Ce soir, elle a pris un nouveau tournant dans sa vie et m'a inclus dans son avenir. Que puis-je rêver de mieux ? Ne pas avoir le gouvernement contre moi serait bien. Malgré tout, je pense à tous ceux qui mourront demain. Tous ces gens qui verront ce même mot "recalé" à côté de leur nom et qui ignoreront alors que cela signe leur arrêt de mort. Je suis alors doublement chanceux. Je sais ce que je risque et j'ai eu l'occasion de m'y préparer.

Je suis seul dans le salon. La nuit est déjà bien avancée mais impossible de dormir. Je reste assis là, Neige à côté de moi, la tête posée sur ma jambe. Et je le caresse en méditant. J'essaye de réfléchir à ce que pourrait être mon don.

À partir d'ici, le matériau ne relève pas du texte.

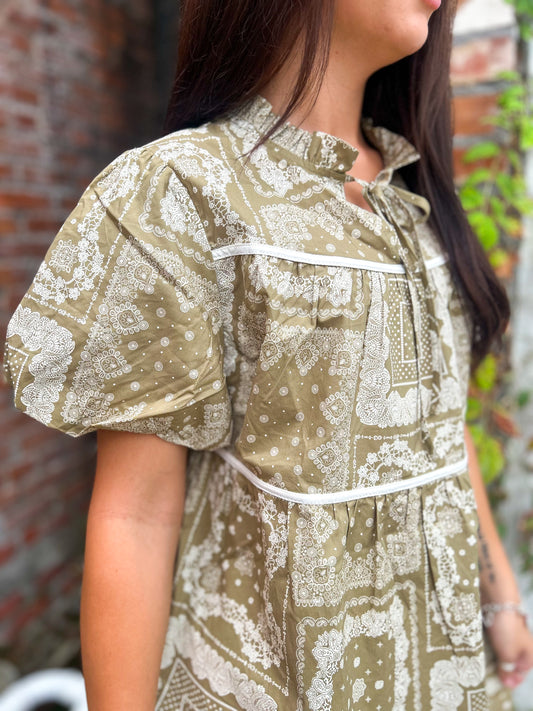 Livin’ On Love Dress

Je ne me sens en rien spécial. Je n'ai jamais pensé même un seul instant qu'au plus profond de moi pouvait sommeiller un pouvoir parapsychique. Pas de télékinésie en vue, ni même de contrôle mental ou encore la possibilité de lire dans les pensées. Je regarde Neige et me dis à quel point cela aurait été extraordinaire d'avoir la capacité d'hyper-communication. De pouvoir parler aux animaux, de pouvoir mieux comprendre la nature qui m'entoure. Mais non. J'ai à priori un don claqué qui n'a jamais décidé de se manifester.

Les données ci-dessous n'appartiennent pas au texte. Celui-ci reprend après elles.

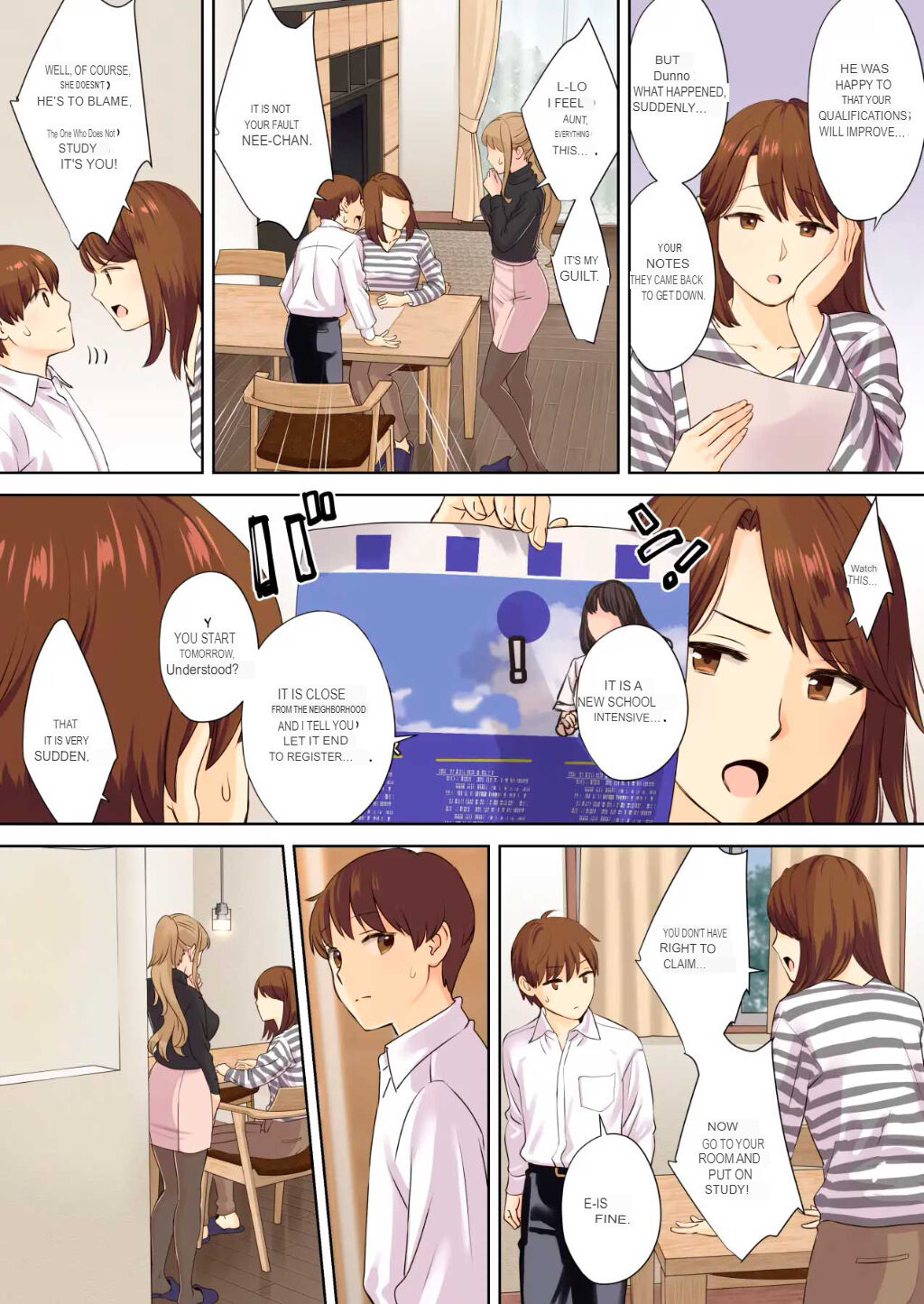 [Oshima Aki]NEET Onee-chan to Boku ~Seitsuu Mae kara Toshiue Itoko to Yari Makutteta Hanashi~[English] Page 71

Je creuse plus loin. Me remémore chaque passage de ma vie et la regarde sous un nouvel angle. Je cherche à détecter la moindre chose étrange, la plus petite chose inexplicable. Je réfléchis longuement. Et je me rappelle d'une chose. La deuxième pire journée de ma vie. Le jour où j'ai vu Allia agresser Chris. D'ailleurs, malgré ce que cette dernière dit, je ne comprends toujours pas vraiment comment elle a pu changer autant. Bref. Ce jour-là, quand j'ai parlé avec Allia, elle m'a semblé étonnamment réceptive, trop pour quelqu'un d'aussi confiante et sûre d'elle. Elle m'a écouté et puis...

﹘Tu ne dors pas ?

Chris me toise depuis le bas des escaliers. J'étais pris dans mes réflexions, je ne l'ai même pas entendue. Et voilà que quelque chose d'autre accapare mon attention. Whaou ! La voir comme ça, ressortir dans la pénombre avec son ensemble blanc. Hoodie plus short, et les cheveux en bataille, voilà une vision que je n'aurais manqué pour rien au monde.

﹘ Alors ?

﹘ Quoi ? Oh pardon, je ne t'ai pas écoutée, excuse-moi.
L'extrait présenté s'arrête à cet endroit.